Reviewed by Robb Ogle on March 19, 2015

Universal sans devotees are legion. They have strength in numbers. Few love Univers 67 or Helvetica 43 Extended Light Oblique. Such styles and the semi-demi-almost-nearly-extra modifier widths and weights found in superfamilies are specified because they can be. They exist in states of useful­ness, not desire. Florian Schick and Lauri Toikka give us both in four-style antique Grotesque Dia. They’ve managed to contrast utility in something spare worthy of affection. Dia’s express pride in cherry-picking the quirk from premodern super­family poles reminds us to express more using less, with style.

From afar, the scaled rigor of the 2008 Olympics opening ceremony in Beijing was stunning, intimidating. That is how I feel about sans super­families and their marshaled feats of engineering. Even when beautiful, the volume can be numbing. Often, too much neutral logic in those impressive systems leads to mixed ends, improved-to-illegible character sameness. Prescribed regiments of pieces shaved and shorn to uniform ends, or at antiseptic worst, little letter-lab clones. As Spiekermann noted: “a fucking army.” In comparison, Dia seems a related family of antique sans individuals, who might take sides in dinner-table arguments, but love a little harder for it in return. Concision and volatility is refreshing, smart.
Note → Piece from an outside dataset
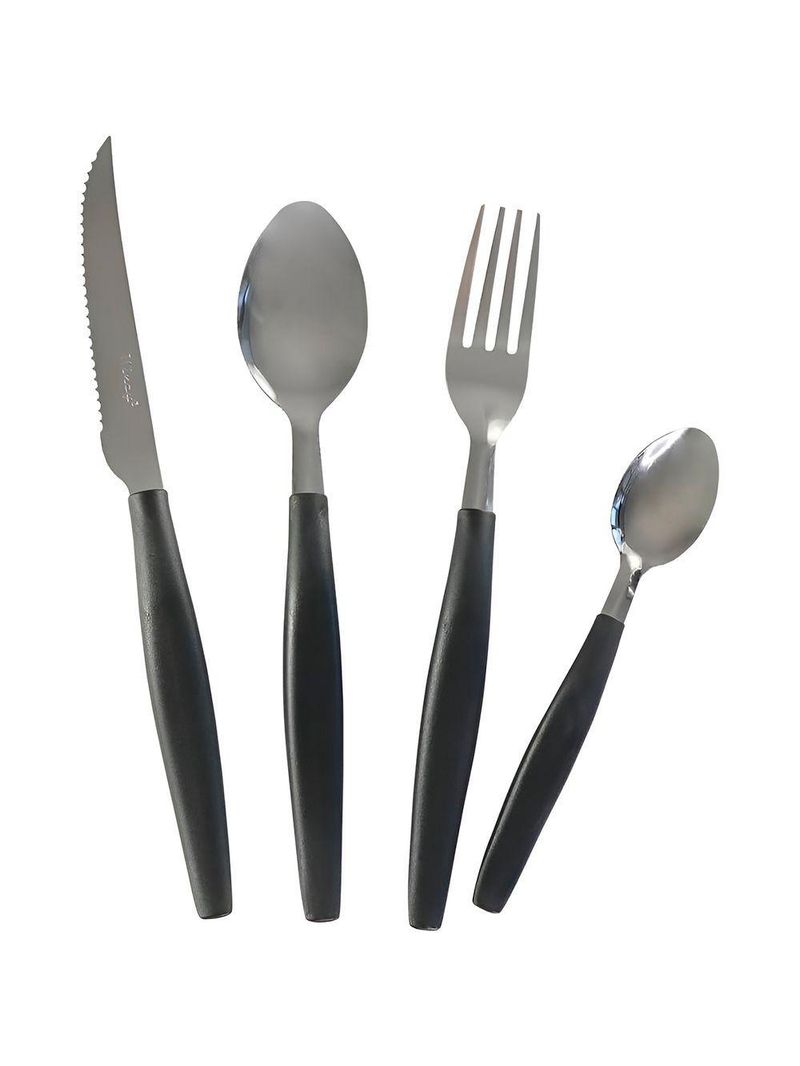 Conjunto Jarra Talheres 25 Peças Kit De Talheres Com Aço Inox Preto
When one closes in on Dia’s shapes, one sees that the incised Griffith approach to stem and bowl structure makes for virtual flourishes in the less-becomes-so-much-more world of Grotesque sans design. Deliberate choices of where to gouge versus gently shave add timbre to Dia’s frantic voice. It looks as though the meat of formerly flat ascender tops was scooped out, liposuctioned, to be implanted else­where. How else do those ‘a’s pitch so distinctly into themselves, or the ‘g’ ears seem so alert? Ascend­ing spurs displace some rhythm in paragraphs, adding wobble between lines of type. White space ought to be allowed to wiggle with tension, too. Al­together, across the weight–width transition, Dia is weird and personably legible.

A wealth of good digital antique Grotesques exist now. Dia wasn’t even necessarily an aesthetic favorite of mine from the 2014 batch. But, when considering it as a follow-up to last year’s Noe, which made me giddy, I am now hooked on Schick Toikka’s taste in library-building and ability to subtly tweak forms we already know.

Robb Ogle, Art Director of ARCHITECT Magazine, is an ardent typographer who examines wonky lettering.